According to interrogation excerpts, cleared for publication Thursday by the Beersheba District Court following Ynet’s appeal, the Hamas engineer described the terror group as an orderly hierarchical organization that aims to learn from its mistakes and adapt to changing regional realities.
The engineer told interrogators that following Operation Cast Lead Gaza, top Hamas terrorist Mohammed Deif and the group’s military wing commander Ahmed Jabari found Hamas’ operations to be lacking and decided to make Abu Sisi in charge of establishing the organization’s new military academy.
“An analysis of the war with Israel was undertaken. It found that a large number of Hamas activists ran away from their positions. A failure occurred in decision-making coupled with an inability to use arms during the battle – because of fear,” he said. “A program of study had to be created, in order to improve the situation.”
The new academy was tasked with imparting combat methods and tactics to Hamas terrorists, Abu Sisi said. Hamas men were undertaking their studies at mosques, while passing their final exams in known Gaza universities or in mosques.
“The books and academic materials did not bear the Hamas name or logo,” he said. Instructors include university lecturers, education ministry officials, merchants and others.

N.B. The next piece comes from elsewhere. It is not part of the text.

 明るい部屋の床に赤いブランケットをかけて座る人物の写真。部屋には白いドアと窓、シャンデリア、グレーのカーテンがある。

Abu Sisi is believed to be Hamas’ rocket expert. He joined the terror group in 2002, despite working for the Palestinian Electric Company, which forbade its employees from joining any group.

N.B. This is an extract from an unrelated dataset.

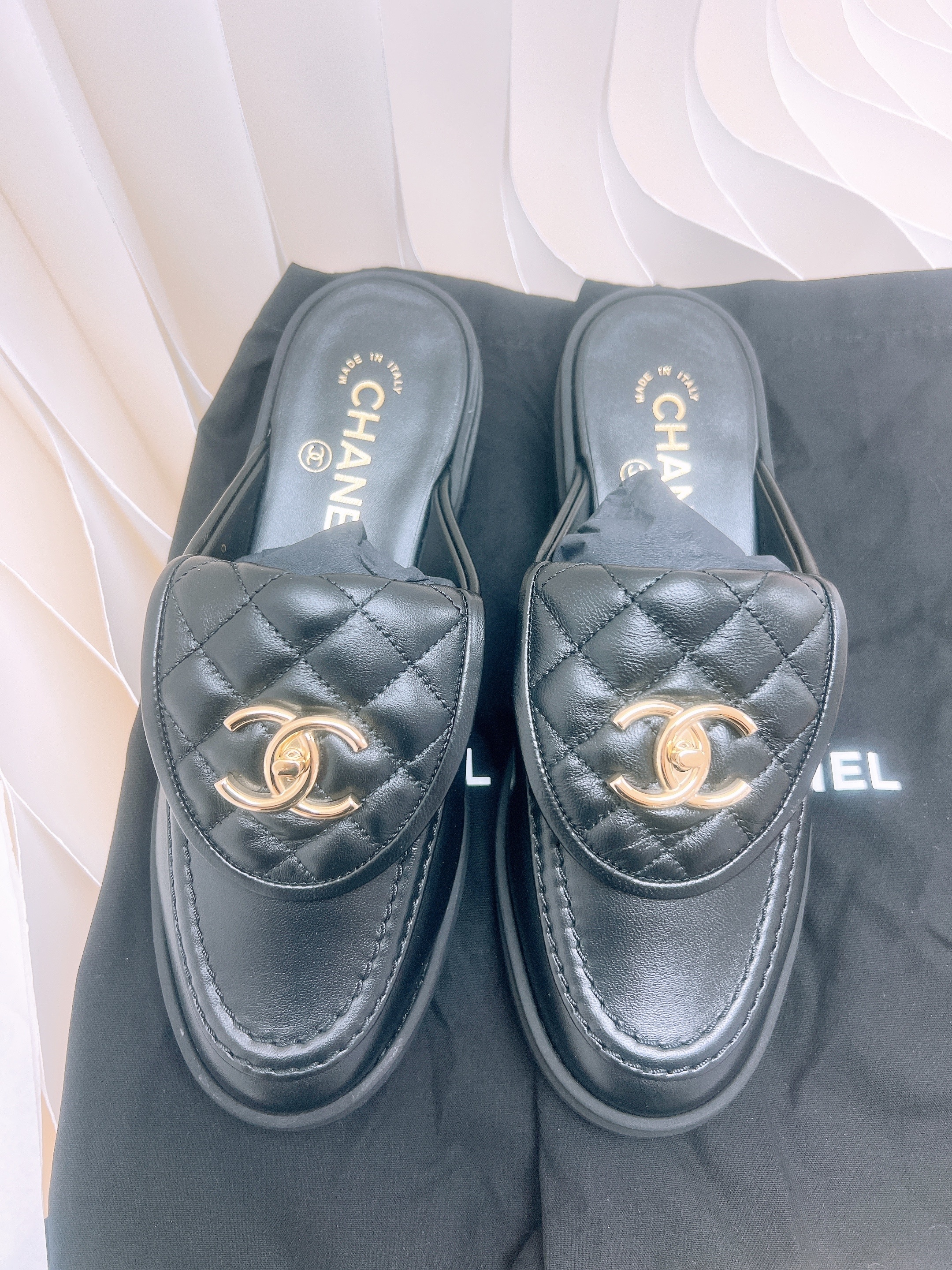 *Unused* Chanel quilted turnlock slip on loafers (black/ GHW)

“I assisted Hamas in developing their missile capabilities, by identifying and handing over mathematical equations that improve the metal pipe’s ability to withstand pressure and heat,” he said. “I was present when a missile was test-fired at the sea in Khan Younis.”
The terror group was lacking materials that could improve their rocket range and later smuggled it in from Egypt through tunnels, he said.
Abu Sisi’s interrogation revealed that he acquired plenty of information on improving rocket range via the Internet, including the YouTube website.
“I know nothing about explosives. I only calculated the pressure and heat…I downloaded the formula from the Internet,” he said, adding that he also downloaded software pertaining to the rocket’s structure.
Hamas would send its activists for further instruction overseas, Abu Sisi said. Selected graduates of the academy reached military academies in foreign countries, he said, including Syria, Yemen, Sudan and Iran.
During his interrogation, Abu Sisi expressed his regret for joining Hamas.
“I greatly regret my affiliation with the Muslim Brotherhood and Hamas Movement, my work to develop the missile range, my part in establishing Hamas’ military academy, and all the information I handed over to Hamas that can threaten the security of Israel and its citizens,” he said.
“I know the missiles are lethal and take the lives of others, without distinguishing between Arabs and Jews,” he said.
Abu Sisi was kidnapped in Kiev and brought to Israel in February. His indictment sheet comprises nine counts, including membership in a terror organization, murder, attempted murder and arms production.
It should be interesting to see how Silverstein handles this latest news. He will most likely insist that the confession was beaten out of him, and that he should be considered an innocent man…with a penchant for drawing swords.
Update: I wasn’t far off at all.
Silverstein can’t accept the confession and has to resort to inventing a convoluted scenario in which Hamas tip off the Shabak as revenge for Abu Sisi escaping from Gaza (but not before Silverstein admits Abu Sisi may have been somehow involved with Hamas). And in his rambling tale of fiction, he refers to the above drawing as a “crude drawing which looks more like a children’s sword than a rocket.”